## EXERCISE OBJECTIVE
Using only the entries below, copy exactly the lines that begin at the one with "பங்குனி திங்கள் குவியும்" and end at the one with "Wall mounted Plants", both included. Drop the pictures.

## RECORDS FOR THIS EXERCISE
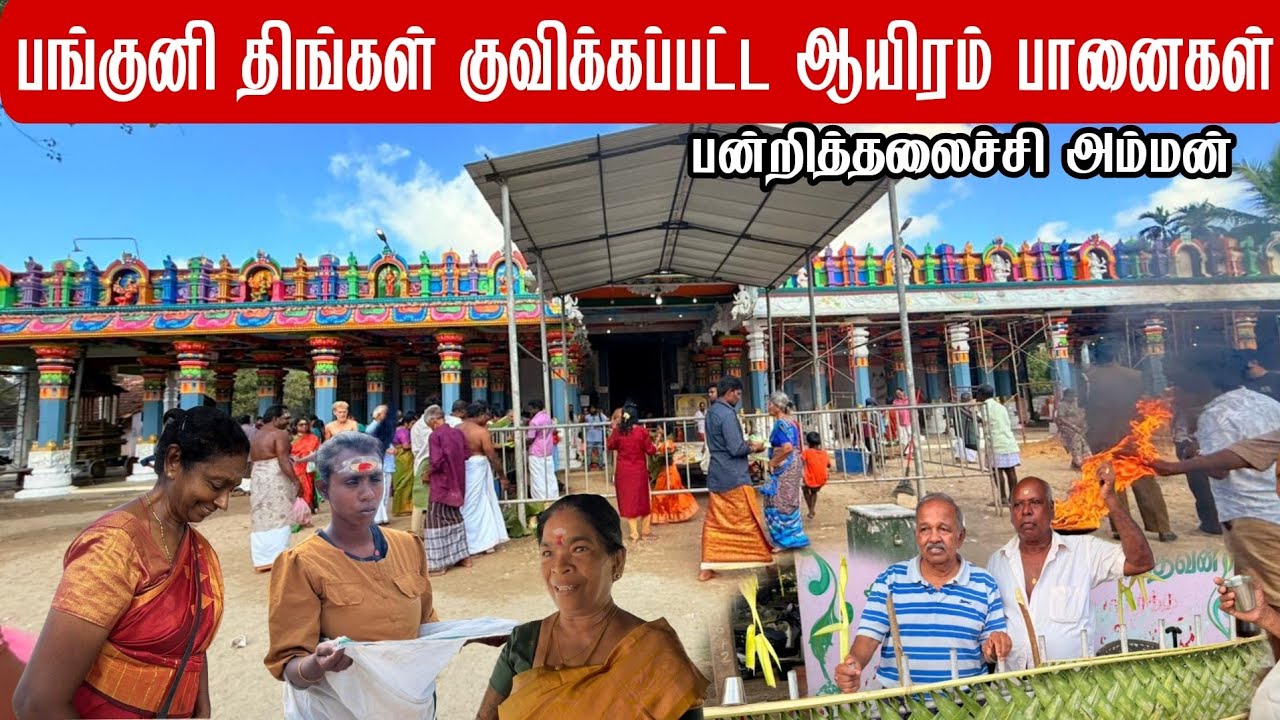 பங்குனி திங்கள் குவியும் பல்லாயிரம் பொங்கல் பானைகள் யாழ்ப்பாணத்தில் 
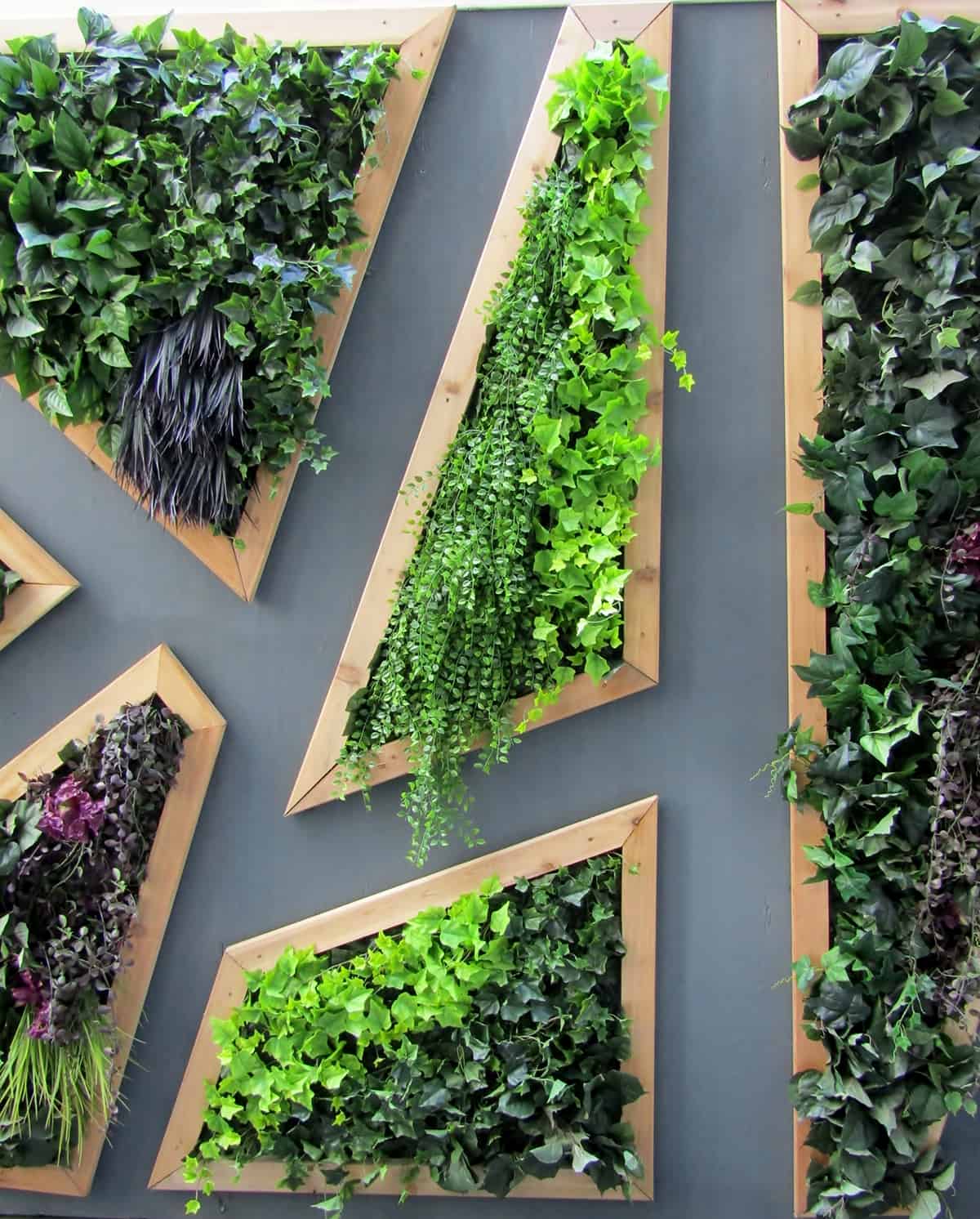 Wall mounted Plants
---
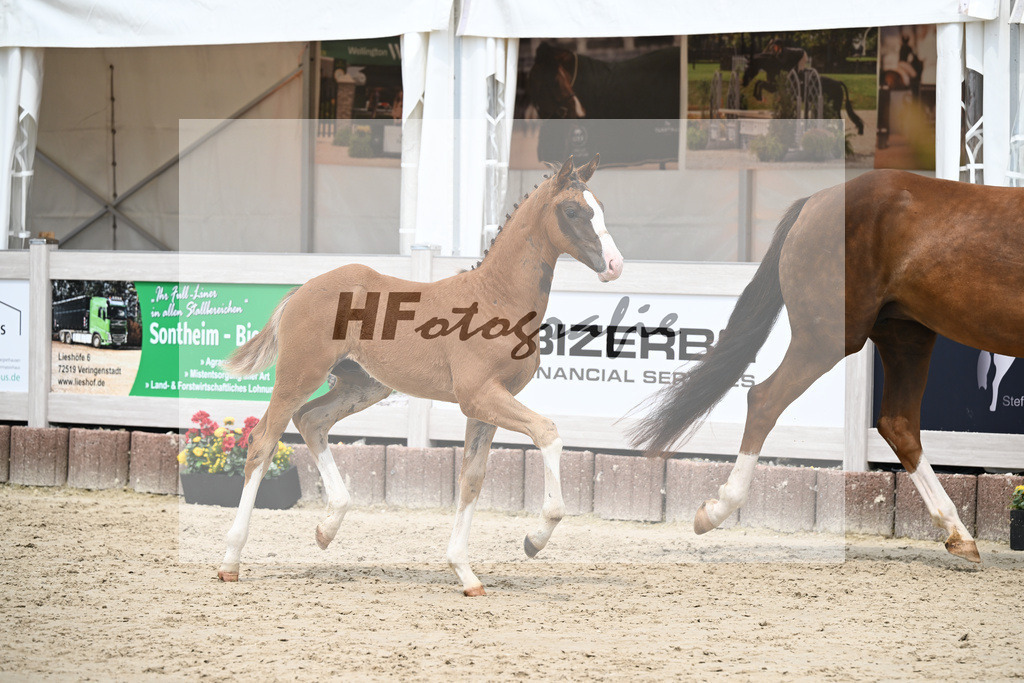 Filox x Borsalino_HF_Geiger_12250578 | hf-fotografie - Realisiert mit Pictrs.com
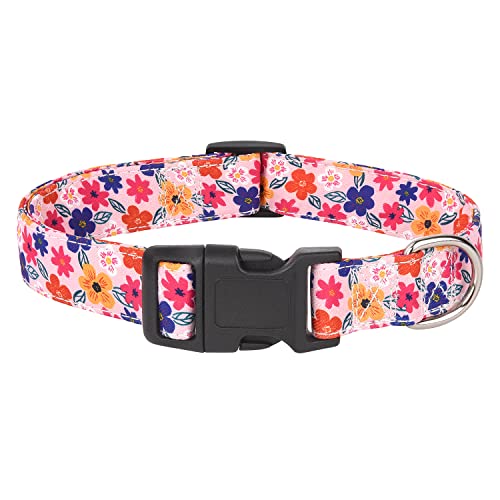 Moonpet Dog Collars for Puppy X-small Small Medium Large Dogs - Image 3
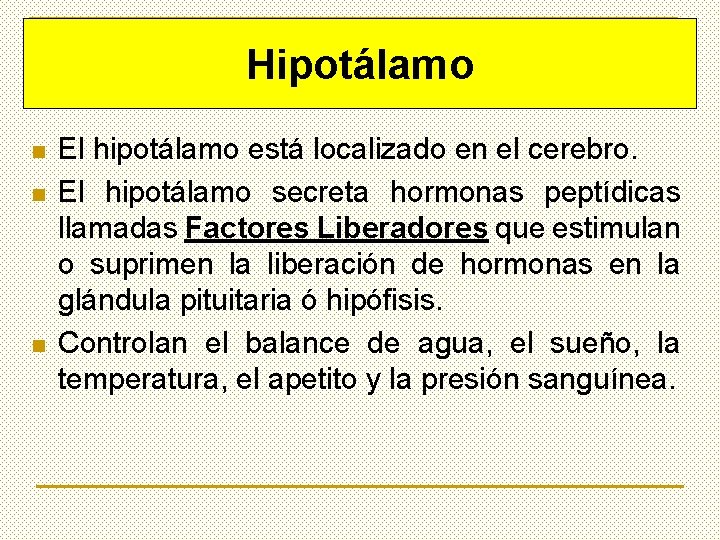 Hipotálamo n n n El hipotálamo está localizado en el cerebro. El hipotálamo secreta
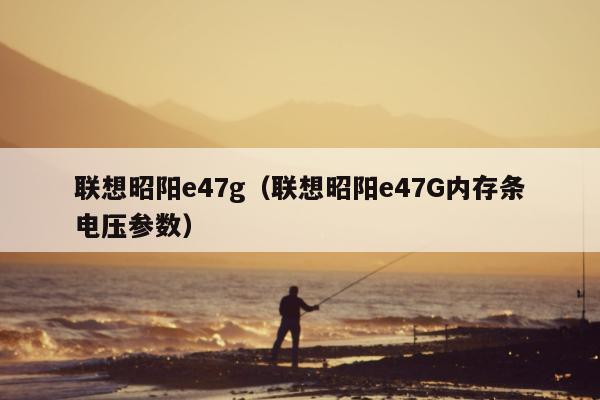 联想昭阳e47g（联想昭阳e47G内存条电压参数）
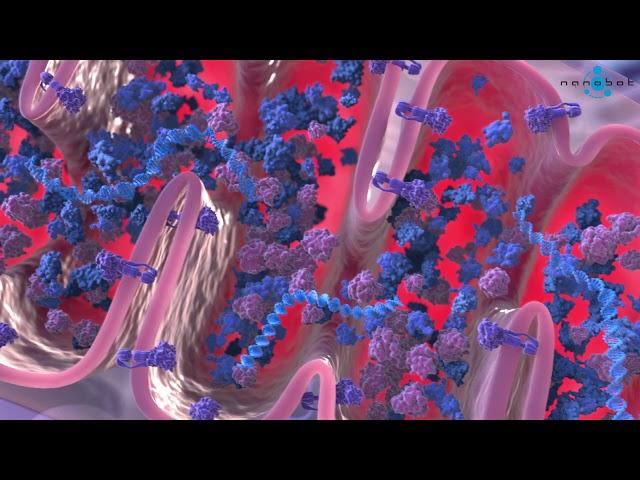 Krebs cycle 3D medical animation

## WRITTEN RESPONSE
 பங்குனி திங்கள் குவியும் பல்லாயிரம் பொங்கல் பானைகள் யாழ்ப்பாணத்தில் 
 Wall mounted Plants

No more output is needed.